Casablancas’ voice is always moving around, too, going eagerly down blind alleys like he’s enjoying being lost in some interior maze. It’s experimental and inventive. Sometimes he sounds really blasé, as if he’s singing with his mouth barely open while lying on a couch. Sometimes he digs in and does that low Jim Morrison thing, and sometimes he goes up into a gorgeous, plaintive falsetto. Sometimes vocals are roboticized through a vocoder or auto-tune, or both, maybe. Some word-sounds are carefree and tossed-off like the “doot doot”s just before the casual hole that opens up about three-quarters of the way through “Aliennation.” His voice can be buoyant and elastic and dizzyingly infectious, like the swooping and swirling “I know you want it/Don’t call me stupid” lines in “Leave It In My Dreams.”
The album keeps blowing my mind over and over again.
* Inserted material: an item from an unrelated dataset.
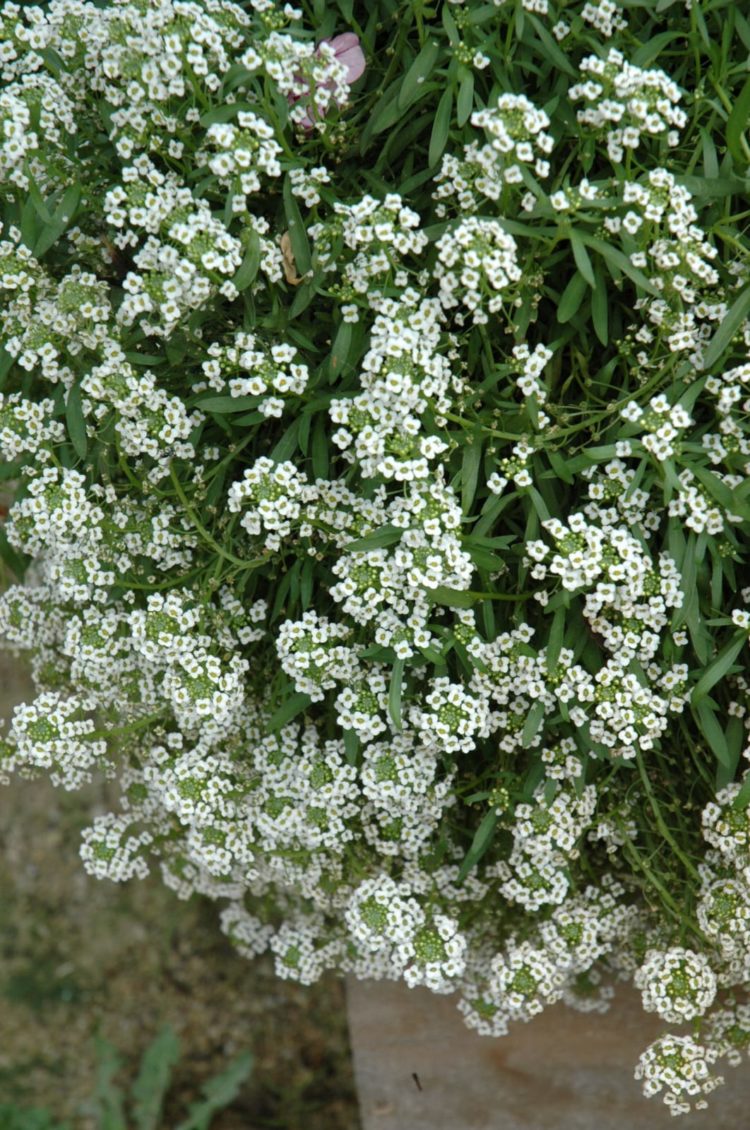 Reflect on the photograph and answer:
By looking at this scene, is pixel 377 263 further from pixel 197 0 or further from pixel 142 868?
pixel 142 868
There’s endless stuff to focus on: It’s almost like there’s a magical mechanism built into the album’s technology that makes it sound somewhat different every time I listen. Words and parts and noises jump out from behind closed doors—doors that I could swear were closed the last time I listened. It makes me feel like I’m insane, or brain-damaged, like the record is gaslighting me, but in a good way. This is how music should be—it should alter your consciousness, fuck you up, bedazzle and mystify you.
Virtue is the best kind of musical sorcery. Julian Casablancas has always had a strong and powerful musical vision and this album with this band has been immaculately and elegantly conceived and executed. It invites a kind of close, concentrated listening that people on the internet probably don’t have time for. I think that’s one of the messages the album is sending—that people don’t pay attention. Or just: pay attention. You will be rewarded.